* Requirement:
Go through the records and set each one down exactly, skipping any picture.

* Exercise materials:
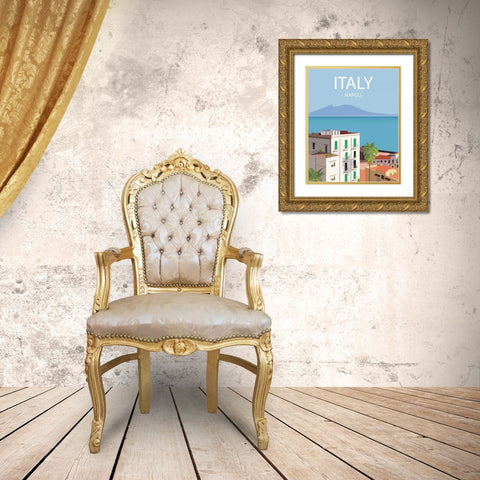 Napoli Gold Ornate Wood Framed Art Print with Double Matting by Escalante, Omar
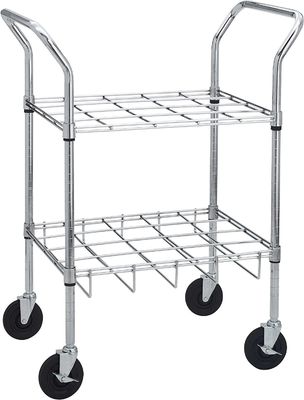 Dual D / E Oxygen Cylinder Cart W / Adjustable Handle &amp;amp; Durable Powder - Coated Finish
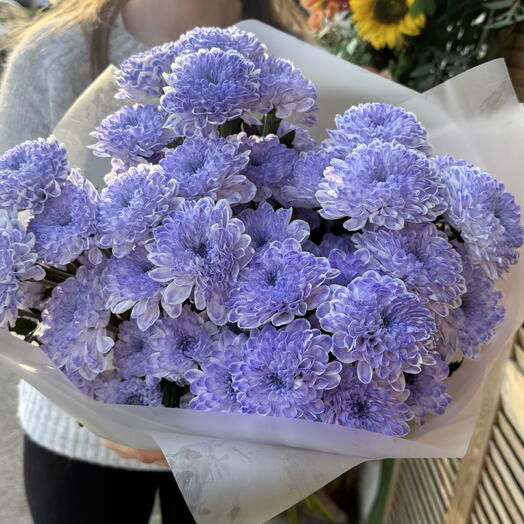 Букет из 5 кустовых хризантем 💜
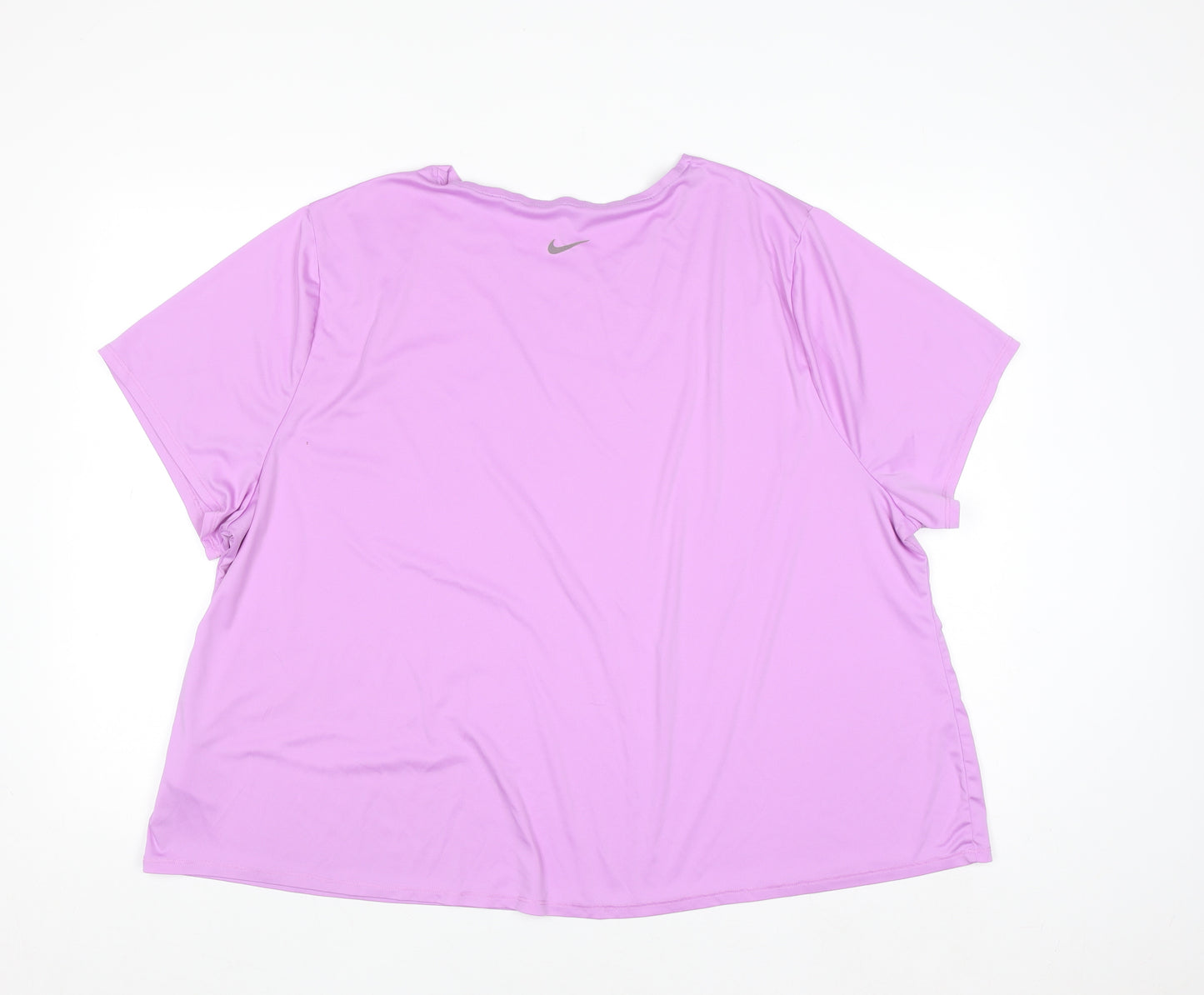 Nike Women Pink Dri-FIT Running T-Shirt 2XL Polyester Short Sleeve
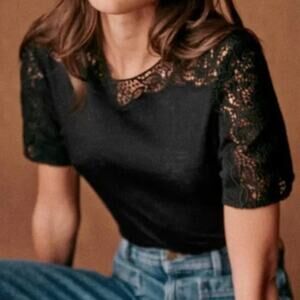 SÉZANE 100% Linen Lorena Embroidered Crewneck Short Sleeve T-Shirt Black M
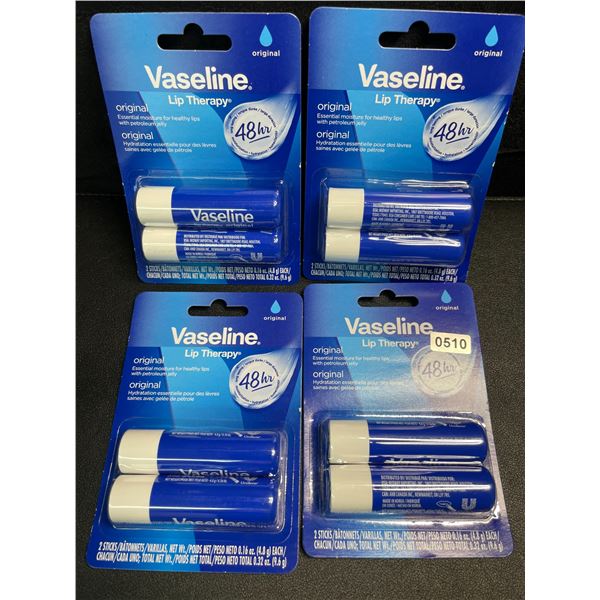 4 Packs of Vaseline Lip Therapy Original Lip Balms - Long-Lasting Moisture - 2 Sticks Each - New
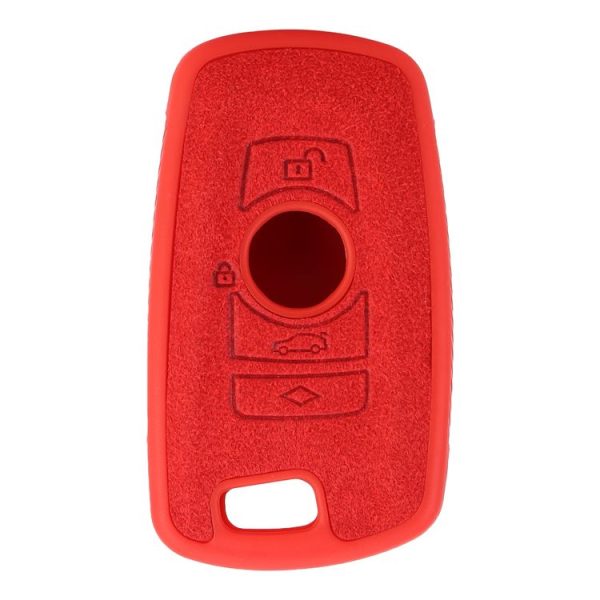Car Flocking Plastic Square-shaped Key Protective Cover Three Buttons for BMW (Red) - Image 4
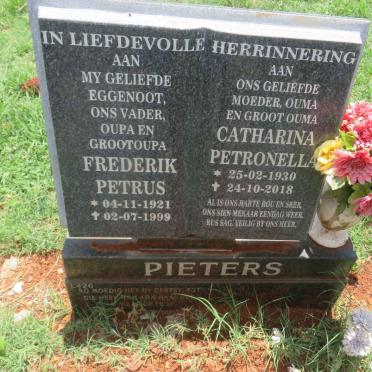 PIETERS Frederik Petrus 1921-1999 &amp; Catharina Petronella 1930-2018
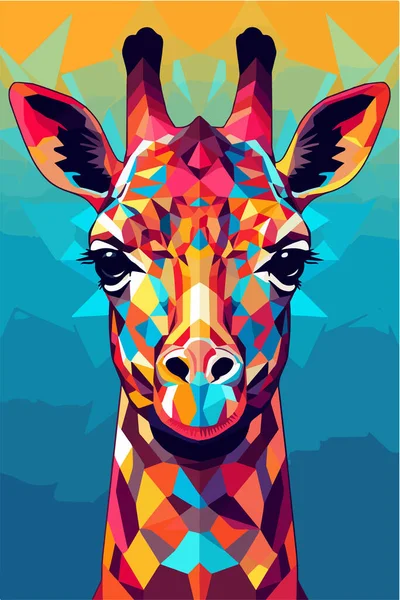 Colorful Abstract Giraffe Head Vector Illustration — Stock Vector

* Exercise solution:
 Napoli Gold Ornate Wood Framed Art Print with Double Matting by Escalante, Omar
 Dual D / E Oxygen Cylinder Cart W / Adjustable Handle &amp;amp; Durable Powder - Coated Finish
 Букет из 5 кустовых хризантем 💜
 Nike Women Pink Dri-FIT Running T-Shirt 2XL Polyester Short Sleeve
 SÉZANE 100% Linen Lorena Embroidered Crewneck Short Sleeve T-Shirt Black M
 4 Packs of Vaseline Lip Therapy Original Lip Balms - Long-Lasting Moisture - 2 Sticks Each - New
Car Flocking Plastic Square-shaped Key Protective Cover Three Buttons for BMW (Red) - Image 4
 PIETERS Frederik Petrus 1921-1999 &amp; Catharina Petronella 1930-2018
 Colorful Abstract Giraffe Head Vector Illustration — Stock Vector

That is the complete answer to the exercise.